Interview mit Manu Späth vor Beginn der Rückrunde

Hallo Manu, wie hast du die spiel- und trainingsfreie Zeit rund um den Jahreswechsel verbracht?

Manu: Die trainingsfreie Zeit habe ich mit meiner Familie Anfang des Jahres im Zillertal im Hotel Theresa verbracht, wo wir bereits im Sommer mit der Mannschaft im Trainingslager waren. Es war sehr entspannt und vor allem ruhig dort, wir konnten Kraft für die kommenden Aufgaben tanken.

Auch ihr verfolgt die Handball-EM selbstverständlich intensiv. Neben Zarko und Samu, die seit Jahren in ihren Nationalmannschaften gesetzt sind, stellt der TVB mit Patrick, Jogi und David gleich drei deutsche EM-Fahrer.
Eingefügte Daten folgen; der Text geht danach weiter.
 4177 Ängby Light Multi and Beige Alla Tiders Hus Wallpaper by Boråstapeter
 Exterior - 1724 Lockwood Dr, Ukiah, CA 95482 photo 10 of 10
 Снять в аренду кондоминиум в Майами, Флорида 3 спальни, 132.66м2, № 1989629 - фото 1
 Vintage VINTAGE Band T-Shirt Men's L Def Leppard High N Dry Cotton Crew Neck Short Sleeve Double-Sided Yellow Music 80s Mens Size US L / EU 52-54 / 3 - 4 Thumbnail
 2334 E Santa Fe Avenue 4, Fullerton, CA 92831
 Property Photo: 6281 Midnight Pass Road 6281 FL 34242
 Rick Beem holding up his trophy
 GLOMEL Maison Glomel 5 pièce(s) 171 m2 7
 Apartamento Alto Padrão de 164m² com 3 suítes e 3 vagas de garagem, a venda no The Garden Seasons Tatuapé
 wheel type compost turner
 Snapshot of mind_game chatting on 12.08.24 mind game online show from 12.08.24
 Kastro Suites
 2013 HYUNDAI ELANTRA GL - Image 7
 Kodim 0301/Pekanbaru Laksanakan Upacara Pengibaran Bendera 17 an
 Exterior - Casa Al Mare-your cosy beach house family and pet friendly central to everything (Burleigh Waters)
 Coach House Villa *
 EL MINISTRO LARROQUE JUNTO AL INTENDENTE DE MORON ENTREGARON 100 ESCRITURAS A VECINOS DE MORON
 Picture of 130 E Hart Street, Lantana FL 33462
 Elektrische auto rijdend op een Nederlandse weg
Wie ist dein Eindruck von den dreien?

Manu: Ich finde, dass alle drei ihre Sache insgesamt sehr gut machen. Jogi hat natürlich, gerade gegen Österreich und Tschechien, eine überragende Leistung gezeigt und die Mannschaft zum Sieg geführt. Patrick hat zu Beginn des Turniers, als es bei Uwe Gensheimer nicht so gut lief, seine Chance genutzt und ebenfalls sehr gut gespielt. David wird ja regelmäßig für Kai Häfner eingesetzt und macht seine Sache sehr gut. Bei David und Patrick muss man ja sagen, dass sie erst kurz vor dem Turnier zur Mannschaft gestoßen sind. Dafür machen sie ihre Sache mehr als ordentlich.

Es ist nicht mehr allzu lange, bis ihr am 02.02. in Lemgo in das Bundesliga-Jahr 2020 startet. Wie intensiv läuft schon die Vorbereitung auf die Rückrunde und wie präsent ist das Spiel in den Köpfen der Mannschaft?

Manu: Die Vorbereitung auf die Rückrunde ist natürlich in vollem Gange und da uns, wie eben angesprochen, viele Spieler fehlen, sind einige A-Jugendspieler dabei, so dass wir ganz normal trainieren können. Das erste Spiel ist schon im Kopf drin, aber noch nicht täglich präsent, weil wir bis zuletzt noch viel im Athletikbereich gearbeitet haben und jetzt kommen nach und nach auch Testspiele dazu, damit wir uns intensiver auf das Spiel gegen Lemgo vorbereiten können. Die richtige taktische Einstellung wird aber erst stattfinden, wenn die Mannschaft wieder komplett ist.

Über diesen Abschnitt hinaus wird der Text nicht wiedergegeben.